This French Avant-Garde version of Edgar Allan Poe's famous short story is often pointed to by film historians as the best evocation of the gothic spirit of many of Poe's tales. And they have a valid point. Many movies named for Poe stories either pad the story out to the point of totally diluting the atmosphere of gloom and paranoia so essential to Poe, or they discard the story entirely and just retain the title, like any of the movies called The Black Cat or The Raven.
This House of Usher runs just over an hour long, and the only real filler comes in the form of details lifted from another Poe story, "The Oval Portrait." And director Jean Epstein (and assistant director Luis Bunuel, who reportedly quit the film over the usual "artistic differences") shows admirable restraint in many ways, setting his story in sparse sets populated only by flickering candles and dusty floors.
Like everybody else who's ever made a Poe movie, though, Epstein does wander away from the original story's details. In this version, Roderick Usher and Madelaine (who's played by Margeuritte Gance, wife of famous French director Abel Gance) are husband and wife; they were brother and sister in Poe's story. Madelaine is dying of some unknown, unnamed disease, and Roderick is obsessed with painting her portrait, which seems to be alive (it breathes and moves its eyes). Roderick asks his friend, Allen, to come for a visit, and Allen witnesses his friend's mental disintegration when Madelaine dies--or so it appears.
As with any experimental film, House of Usher has its peaks and valleys. Madelaine's "death" scene is really nightmarish, with effective use of slow motion and smashing, distorted close-ups driving home the despair and insanity washing over Roderick. And Madelaine's return from the grave, in which we see her long, flowing white gown long before we actually see her, is also finely hallucinatory.
But some of Epstein's touches are so bizarre as to be unintentionally funny: The procession with Madelaine's coffin is so exaggerated that it looks more like it belongs in a Monty Python skit, and the intercut images of penetration--nails being driven into the coffin lid and two frogs fucking (no, I'm not kidding)--is downright ridiculous.

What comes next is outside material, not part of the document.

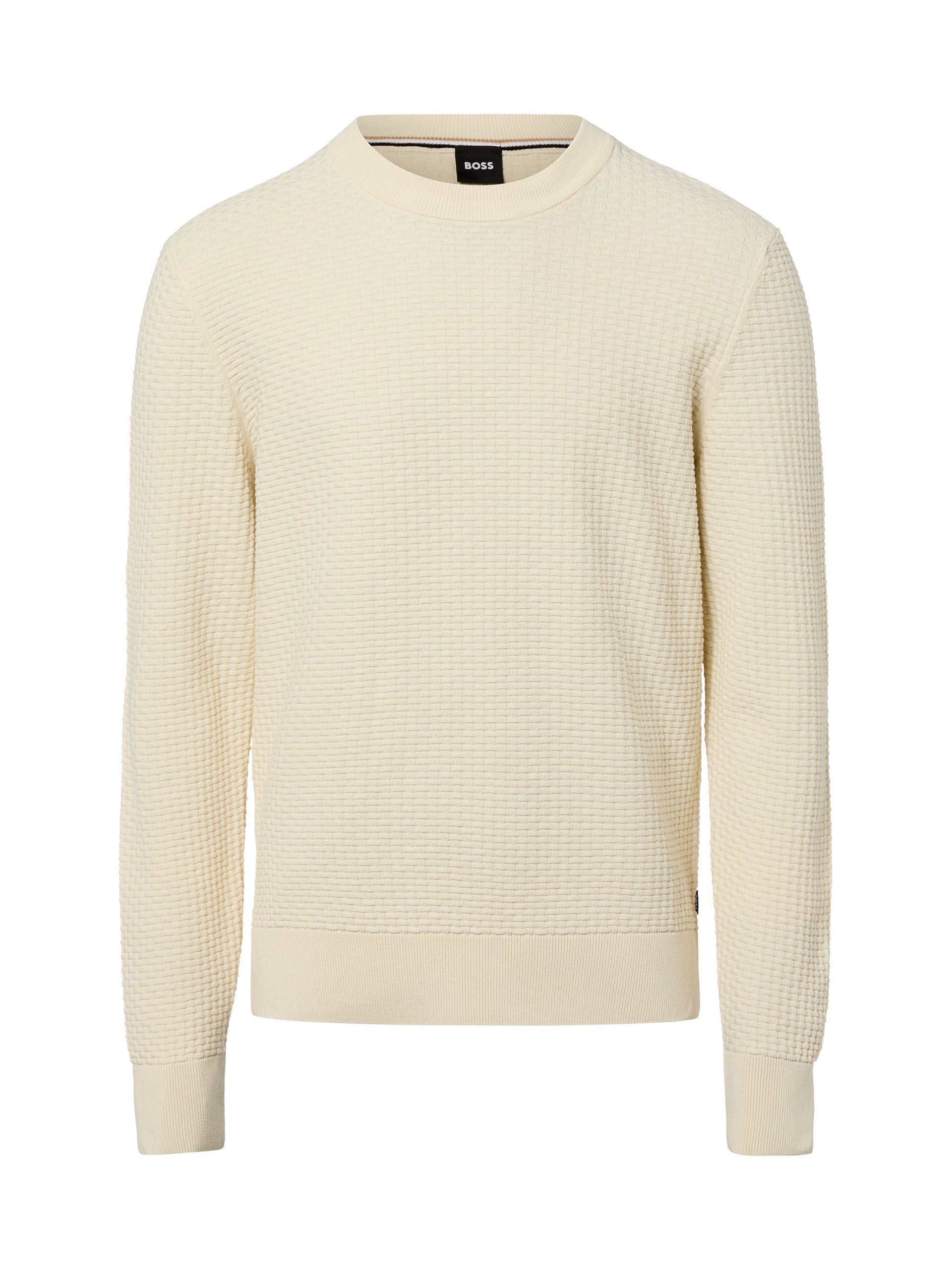 BOSS Sweter - H-Imberto Mężczyźni Bawełna beżowy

And then there's the ending, in which everybody gets out of the obviously (intentionally?) fake house as it burns to the ground against a starry nighttime sky that has all kinds of symbols in it, including a crucifix--hey, wasn't Allen the only one to make it out alive in Poe's story? And why bother carefully building a sense of overwhelming doom, only to undercut it with a happy ending?

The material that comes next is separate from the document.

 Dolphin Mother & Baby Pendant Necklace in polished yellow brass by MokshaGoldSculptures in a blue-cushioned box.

Epstein's Usher tries harder than most adaptations do to retain the heavy atmosphere of Poe's stories, and it succeeds better than most adaptations do. But it evokes as many unintended laughs as it does intended chills, so the experiment is not a wholly successful one.
Still, I'd rather watch this again than, say, Murders in the Rue Morgue, which has more Poe spirit in its title than it does in the film itself.